Ma non muse avait dû
totalement relâcher sa surveillance, à moins qu'elle n'ai délégué
en lieu et place ma propre fille, la Zouflette, pour prendre sa
relève.
En effet, j'avais renoué
depuis peu avec l'écriture, la vraie… Disons que je m'étais
plongée dans l'écriture d'une pièce de théâtre, au motif que des
amis à A avaient un ami et voisin éditeur de pièces de théâtre
« dans lé sud, à Valbonné, avec lui, tu es sûre d'être
publié!». Enfin presque, avait ajouté prudemment l'un d'entre eux,
en raccrochant brutalement.
-
Bizarre, m'avait dit
la non muse, c'est vraiment un éditeur cet ami ou juste un type qui
a hérité d'une vieille ronéotypeuse et a envie de s'en servir
pour distribuer des feuilles de choux sur le marché dé Valbonné?

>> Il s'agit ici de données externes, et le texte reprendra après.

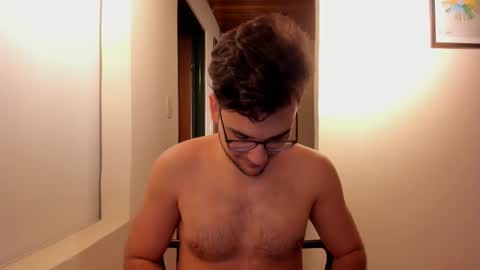 Snapshot of vito_ferrero chatting on 17, 10, 2025 Vito Ferrer online show from 17, 10, 2025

m'enfin, si ça t'amuse… toi qui non seulement n'a jamais écrit
de pièces de théâtre mais n'y va jamais… tente ta chance, hein,
ça ou rien faire, vaut toujours mieux ça!
Sur ce, elle avait
disparu, laissant cependant le soin, je le répète, à ma propre
fille de parasiter mon travail en se réveillant systématiquement à
5 h 00 du matin pour me raconter bruyamment sa vie pendant 2 heures
tout en se frottant la mâchoire, ayant décidé de ne plus s'arrêter
de faire des dents. Ce qui fait que souvent ma cervelle avait des
ratées, et je piquais du nez sur mon écran mais enfin, je
travaillais… et renouais aussi avec la frustration qui était de ne
pas avoir assez de temps pour écrire ce qui semblait bien parti pour
aboutir à quelque chose tant le flot des mots était quasi continu
(là je touche dix troncs de chêne).
Beaucoup d'élément se
dressaient ainsi entre moi et l'écriture.
La Zouflette au petit
matin (atatatatata… ta? Tata! etc), le Zébulon tout le long du
jour (Maman, je veux sortir! Tout de suite! Maman, j'ai fait un gros
pipi par terre! Maman, tu viens voir ma cabane? etc), A (je dois
absolument finir ce programme avant de partir au Japon, alors sors le
et emmène la petite, elle a besoin de prendre l'air!), le ménage
(c'est fou ce que deux enfants et un homme adulte peuvent salir une
maison), les courses (c'est fou ce que deux enfants et un homme
adulte peuvent manger dans une semaine), le linge (c'est fou ce
que…), la nécessité de dormir (mon Royaume pour faire partie de
ceux qui n'ont besoin que de 6 heures de sommeil par nuit), et puis,
encore et toujours, le Japon…
Ben oui, A tenait bon, il
partirait le 30 mai démarrer son contrat du siècle, me laissant
pour au moins un mois seule avec les deux moutards, ma non muse en
profitant pour prendre ses congés annuels…
-
… parce que tu
comprends, seule avec 2 gosses et un mari à l'autre bout du monde,
un monde rempli de répliques sismiques, d'ondes radioactives et de
geishas tout aussi radioactives, pas de risques que tu écrives
beaucoup, ma vieille, hahaha…
En attendant, j'écrivais
et parallèlement, je continuais à relever toutes ces informations
contradictoires qui peu à peu me dessinaient un Japon et des
Japonais.
On ne parlait plus de
Fuckushima, les choses devaient être en train de rentrer doucement
dans l'ordre, c'était au moins une bonne chose.
-
Tu rigoles?! Il y a
encore des fuites radioactives, il y en aura au moins jusqu'en 2012,
le temps qu'ils réussissent à construire et à installer leur
foutu sarcophage de béton géant… les légumes à 100 km de la
centrale sont ultra radioactifs bien qu'à nouveau commercialisés…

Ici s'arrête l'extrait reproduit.